If you’re anything like this average viewer, you probably find the politics of binge-watching deeply complex and stressful. Deep down you probably only really want an excuse to watch TV without being made to feel guilty. It’s no wonder then that many people defiantly refuse to watch. It’s tempting after all to denounce binge-watch TV’s illusion of social inclusion and community fun as just so much unnecessary peer pressure (pressure that we, as adults, are supposed to be above). This is fine, of course — until you start to wonder why these particularly defiant non-viewers seem so adamant for you to know they’re not watching. There’s something inherently suspicious about the level of defiance and the confrontational tone: why, for example, are they making such a thing of not watching and instead just not watching? Consider a headline like “I can’t stand to binge watch television shows. I know what you think of me,” which is suspicious not just because it asserts that you — the average binge-watcher — has pre-emptively judged the writer for her lack of binge-watching credentials but because she pre-emptively re-asserts the thing those Sky adverts have been telling us: we’re all part of a global community of unthinking, jaw-loosened binge-watchers. Just think Invasion of the Body Snatchers to get some idea of what your rabidly defiant non-viewer thinks of your average viewer:

Invasion of the Body Snatchers Final Scene.jpg

And consider, from the same article, that sentences like these

My friends assume that my inability to binge-watch means that I don’t like brilliant shows or, worse, that I don’t like television at all. I am berated for not taking the time to consume pieces of our collective history; I am told of the countless series that have shaped our media landscape, the ur-texts considered necessary for understanding anything currently being produced.

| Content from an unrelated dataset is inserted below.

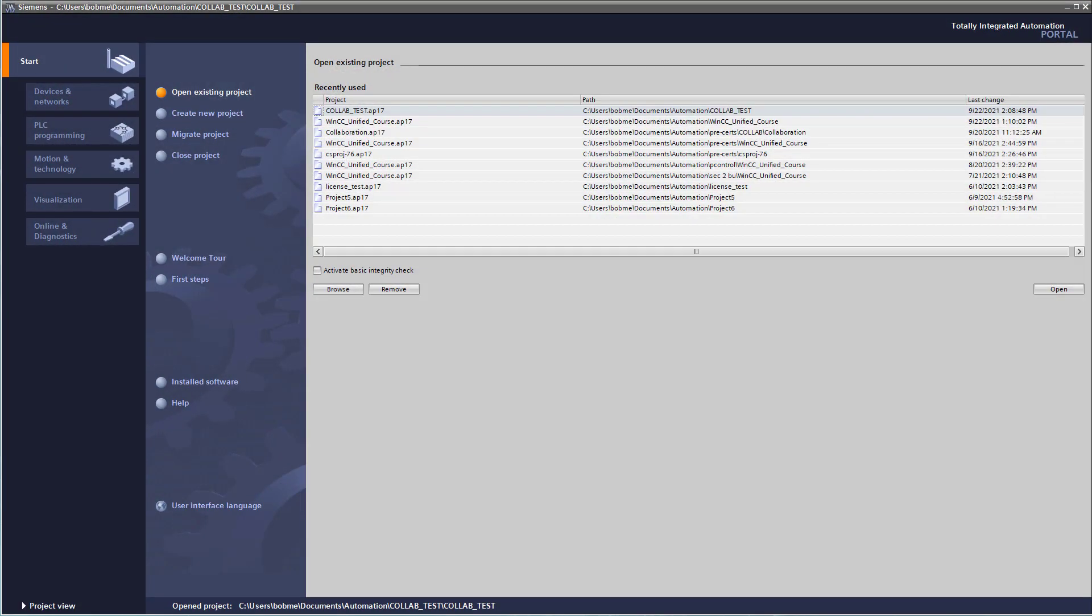We're going to start this section by creating a collaboration TIA Unified project. It's going to contain two unified PCs, each with a unified runtime. Then we'll create screens and configure collaboration.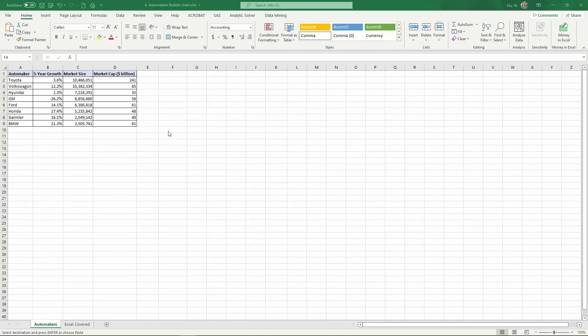In this spreadsheet, we have some data about the largest automakers in the world. So here are some of their sales and growth records.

are frankly weird. What do they assert? That the writer’s friends are literally unable to comprehend the writer’s inability to binge-watch? That the idea of not binge-watching is alien to people already under TV’s thrall? Frankly, you have to wonder about the company the writer’s keeping.

It appears to me that what’s really happening here is the writer’s bought into a culture that doesn’t really exist, and having bought into that culture she’s pre-emptively elected not to take part. You have to consider also that the friends this particular writer is talking about are suspiciously caricatured; if they exist then they too have bought into the culture (or, most likely, are nowhere near as rabidly obsessed with TV as the writer’s trying to assert — you get to wondering what the friends in question made of the article when they read it). And so your rabid anti-binger consciously side-steps the cultural conversation — while she keeps one eye on it — and avoids the supposedly inclusive fun that’s not really fun at all — while she keeps one eye on it. Unlike the global mass of binge-watchers, your defiant anti-binger has the restraint to remain individual, with a full set of brain cells and a rigidly structured jaw. Restraint because, as the writer is at pains to point out, she tries to binge-watch, she just can’t do it. She enjoys TV, just not the way you enjoy it.

(By the way, berated?!)

You are of course free to decide for yourself. You are, after all, an adult; and despite expert warnings that too much TV is bad for you (which warnings are, unfortunately for the binge-watcher, likely to be true), you’re able to at least make up your own mind about it. If it’s any consolation, you can be assured that no matter how much TV you watch, your eyes at least will not go square.